> [Exercise objective]:
The answer must consist solely of the lines from the one containing "Legno Cassettiera Queen" through the last line of the records, set down exactly and without any pictures.

(Caption-style text data)
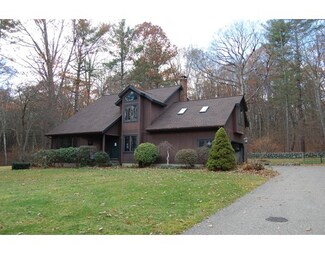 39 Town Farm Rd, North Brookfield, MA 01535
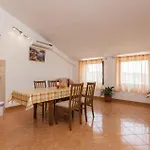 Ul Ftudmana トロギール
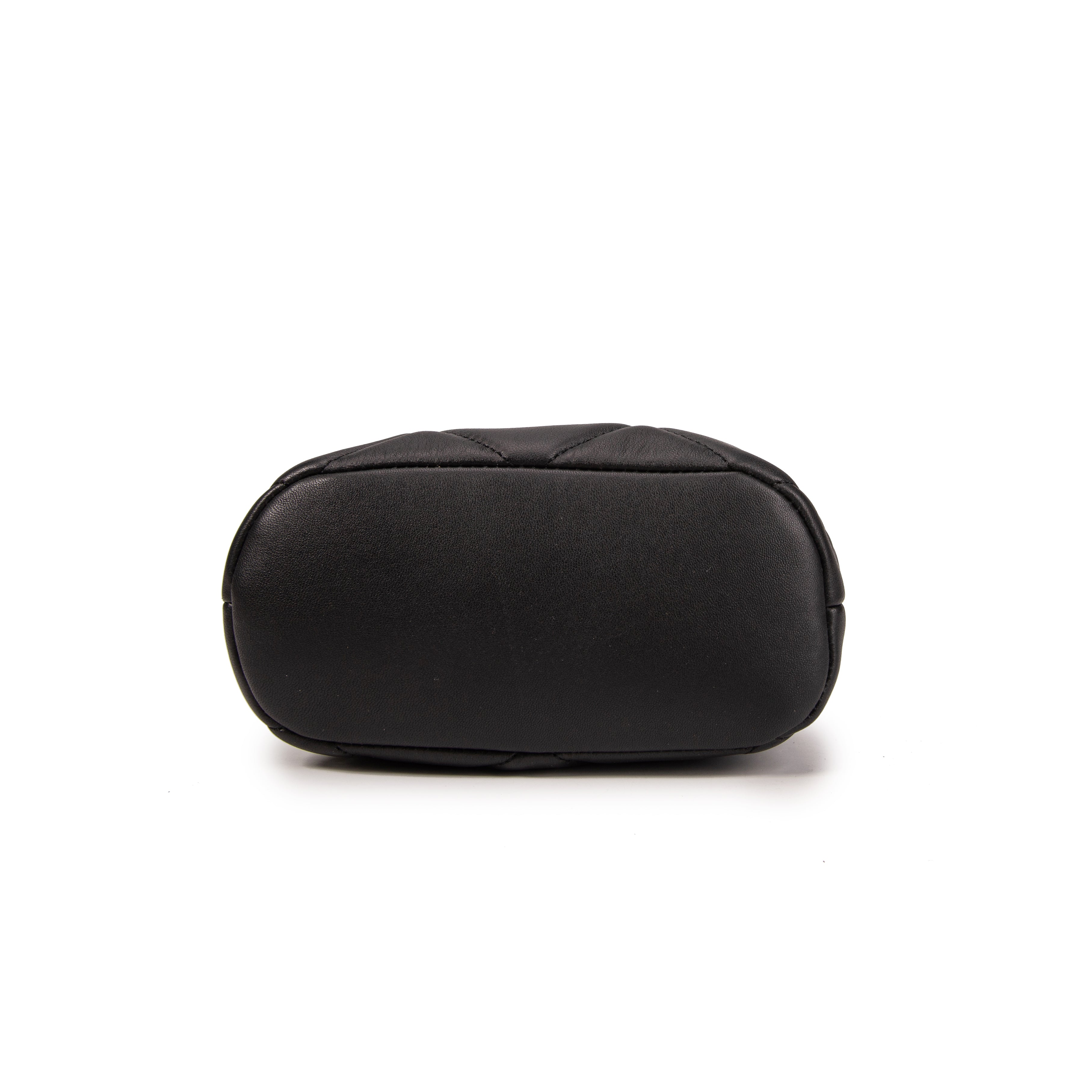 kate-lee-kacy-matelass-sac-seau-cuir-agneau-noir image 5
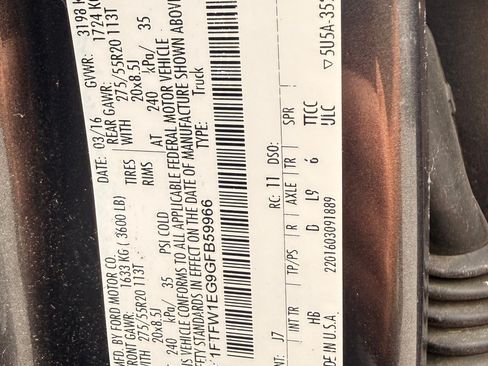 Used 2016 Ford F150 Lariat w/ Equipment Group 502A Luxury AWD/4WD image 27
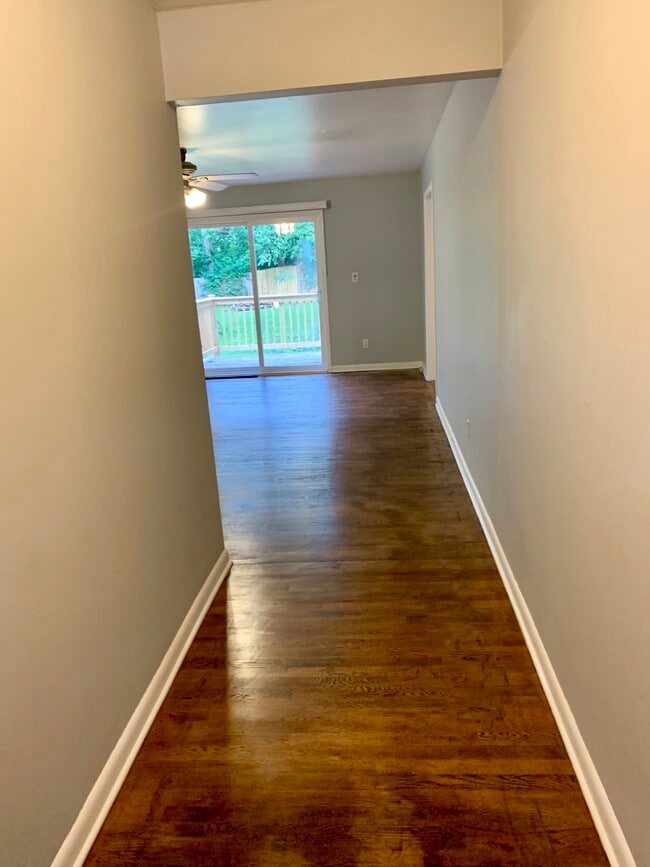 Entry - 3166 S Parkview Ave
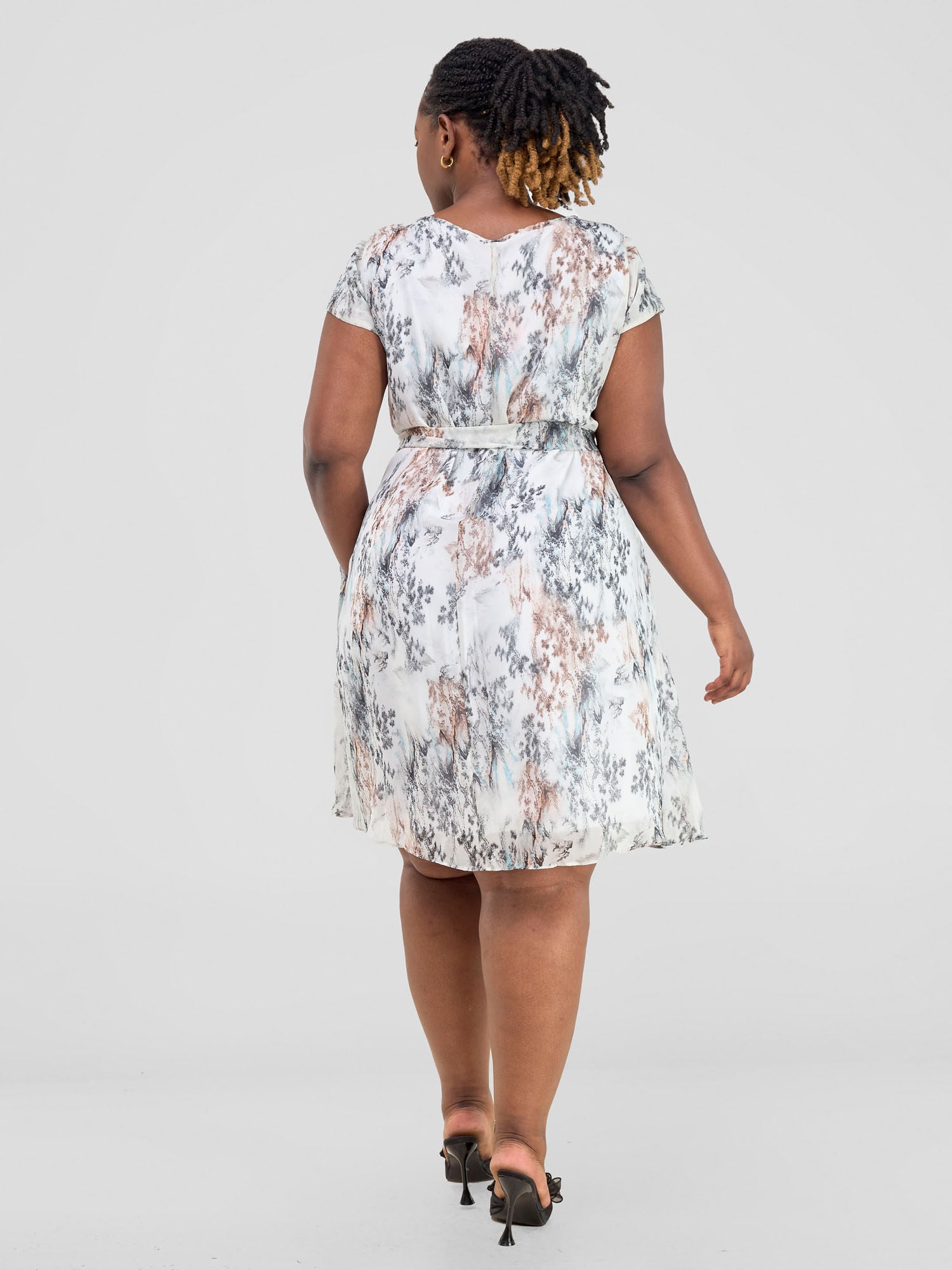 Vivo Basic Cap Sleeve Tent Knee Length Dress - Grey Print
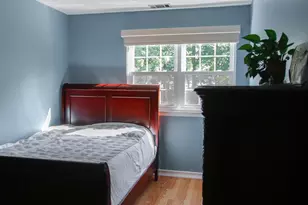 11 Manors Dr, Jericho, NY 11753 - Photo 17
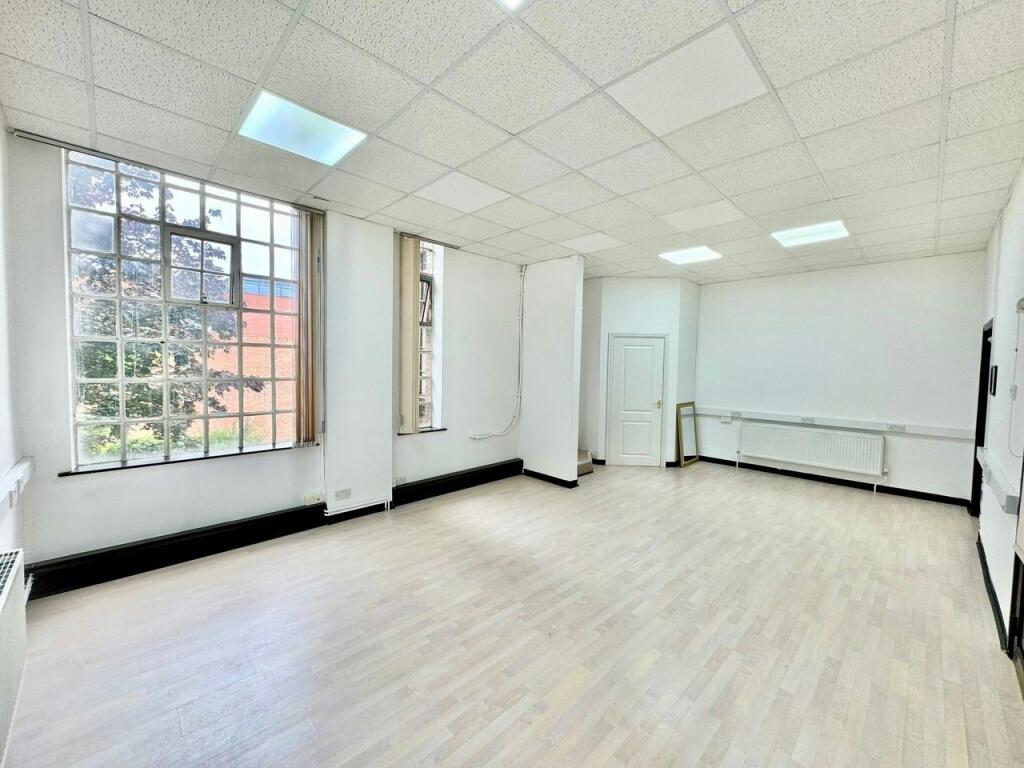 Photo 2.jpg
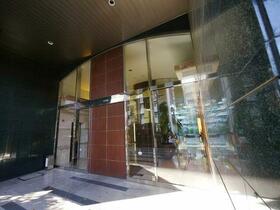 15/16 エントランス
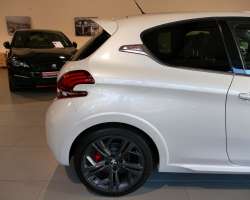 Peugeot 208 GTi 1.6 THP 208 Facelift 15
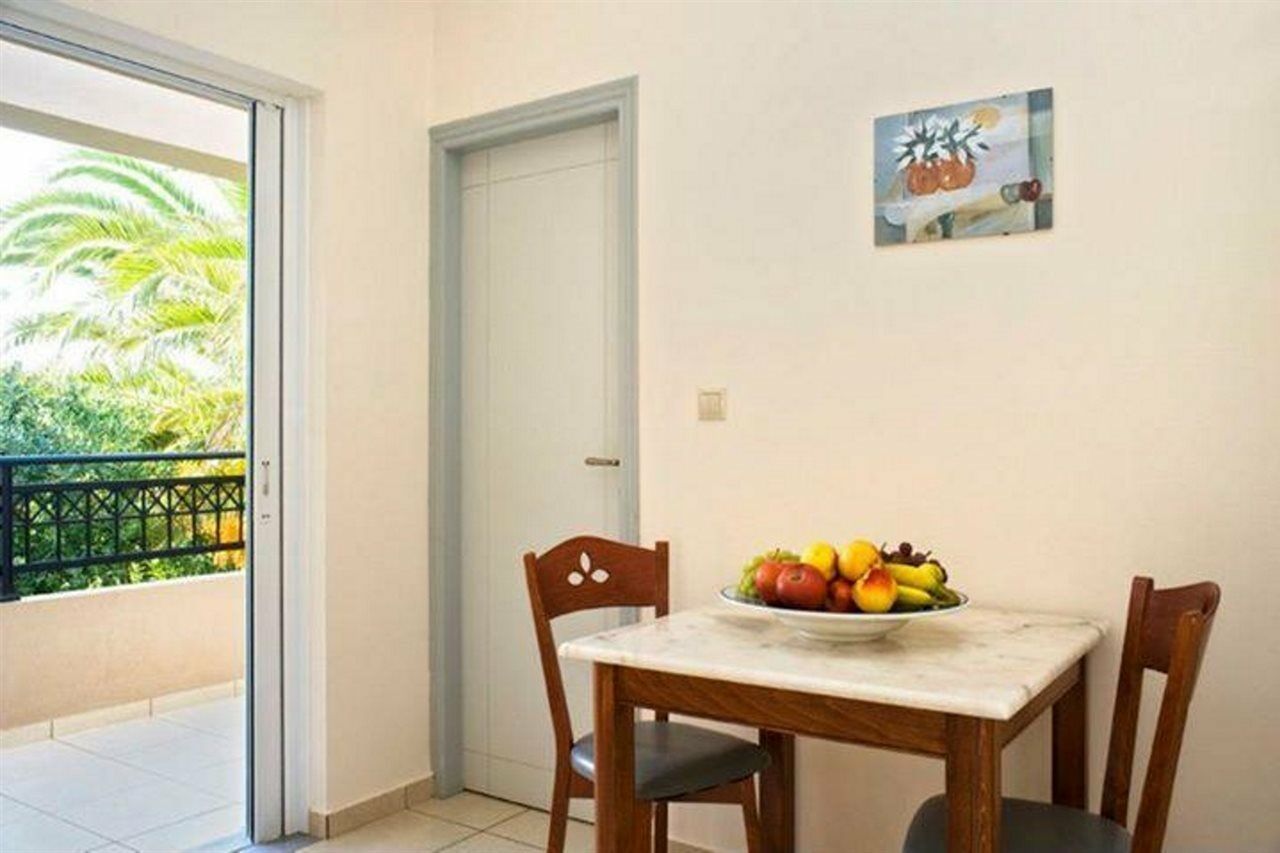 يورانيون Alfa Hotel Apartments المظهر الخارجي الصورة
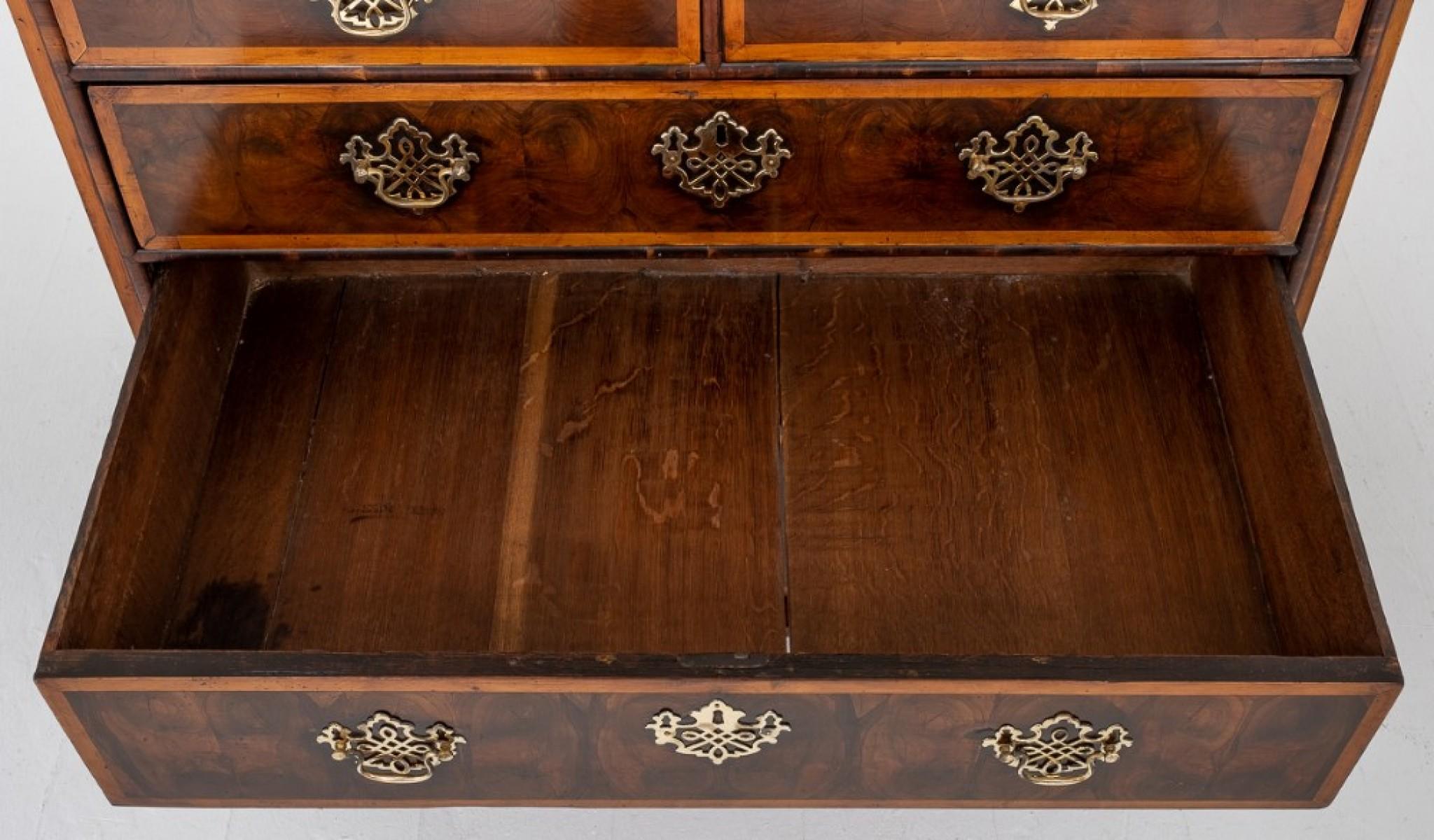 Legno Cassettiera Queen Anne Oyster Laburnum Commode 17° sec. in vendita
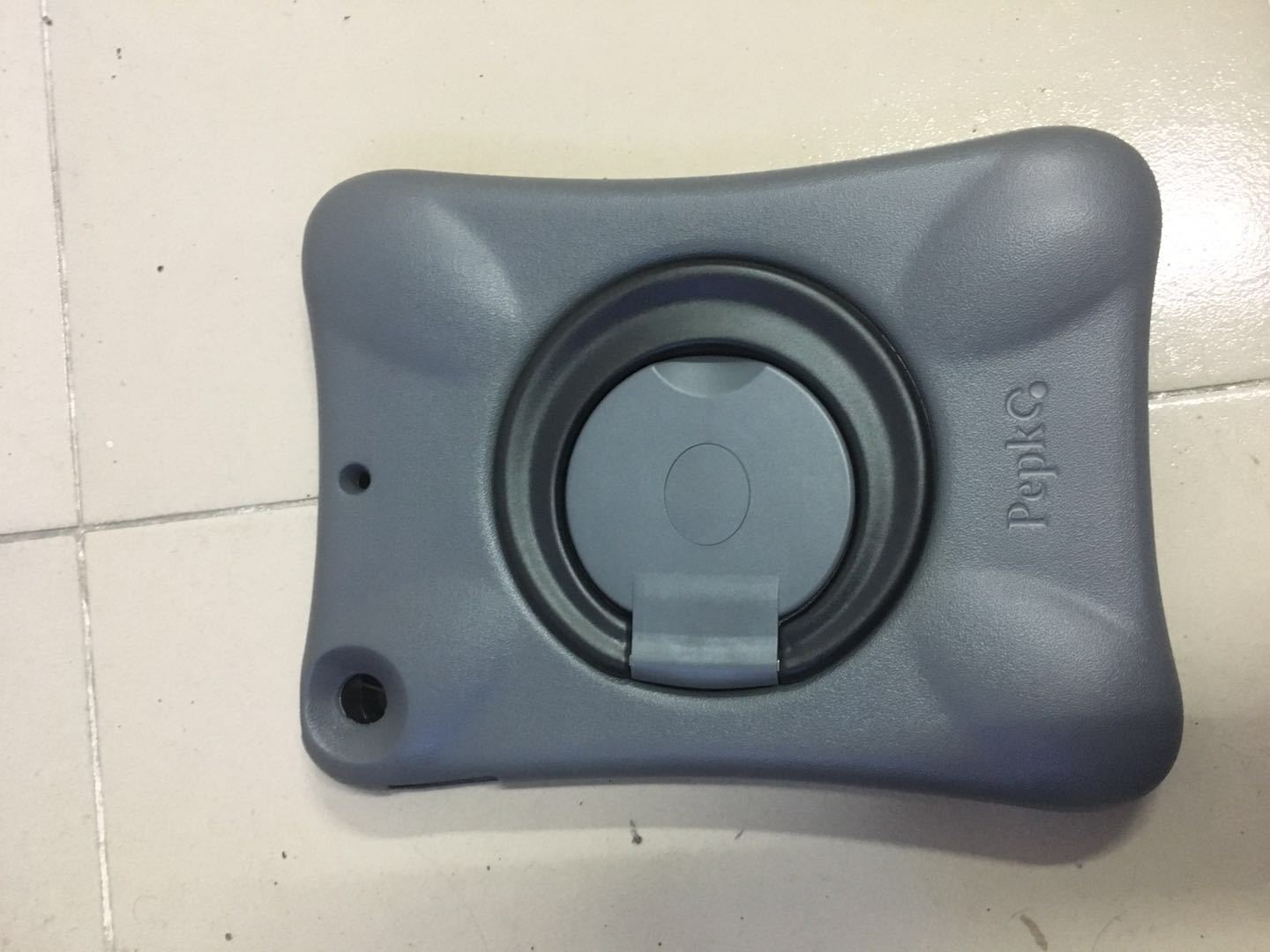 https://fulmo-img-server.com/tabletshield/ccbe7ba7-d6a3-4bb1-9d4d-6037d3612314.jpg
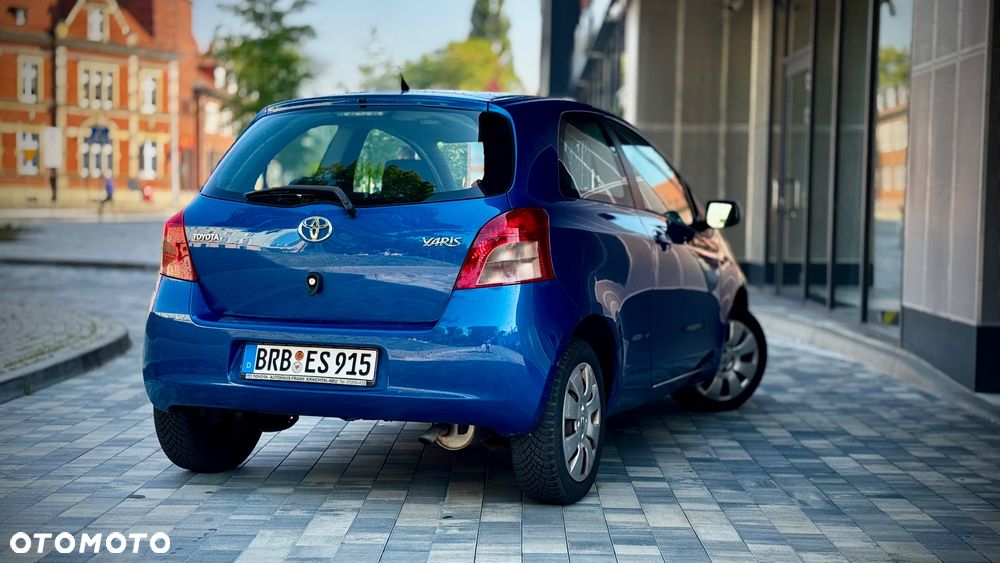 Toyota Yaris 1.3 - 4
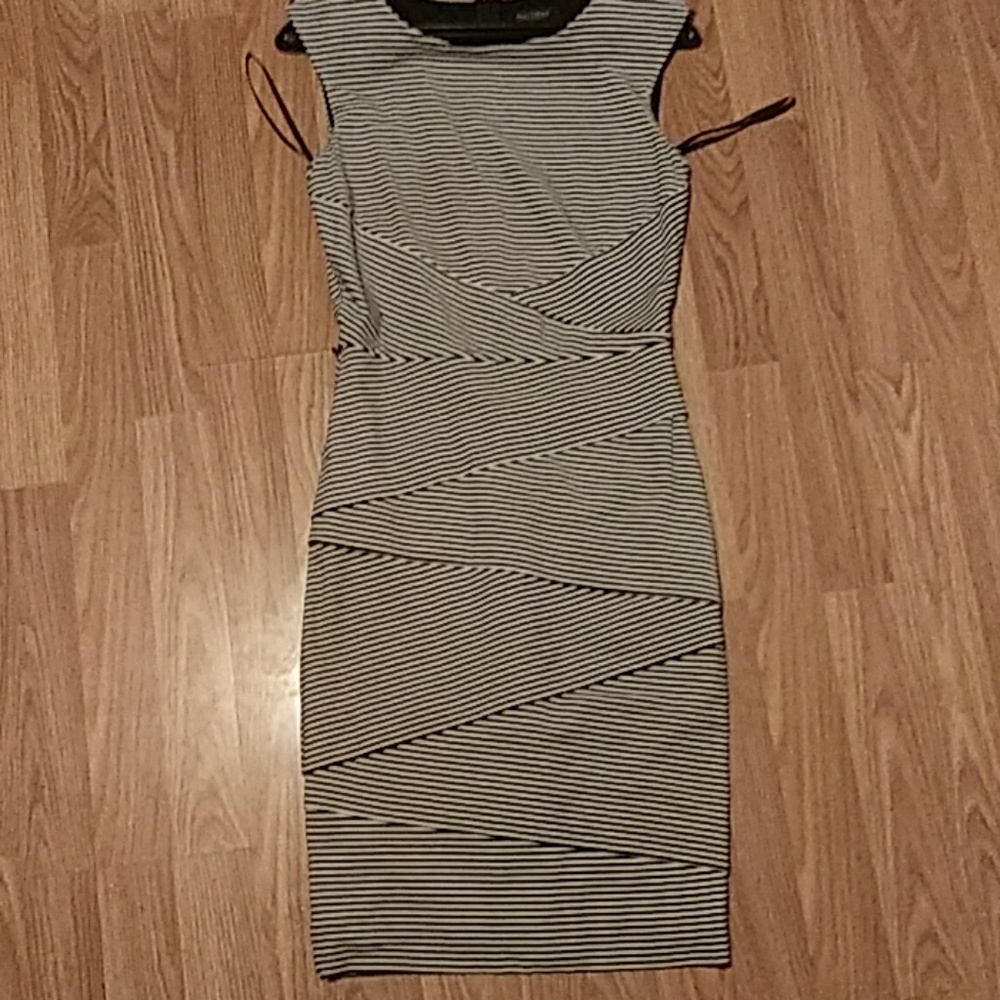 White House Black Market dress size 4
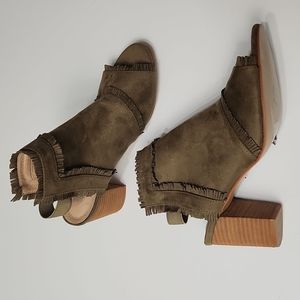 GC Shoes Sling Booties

> [Solution for this problem]:
 Legno Cassettiera Queen Anne Oyster Laburnum Commode 17° sec. in vendita
 https://fulmo-img-server.com/tabletshield/ccbe7ba7-d6a3-4bb1-9d4d-6037d3612314.jpg
 Toyota Yaris 1.3 - 4
 White House Black Market dress size 4
 GC Shoes Sling Booties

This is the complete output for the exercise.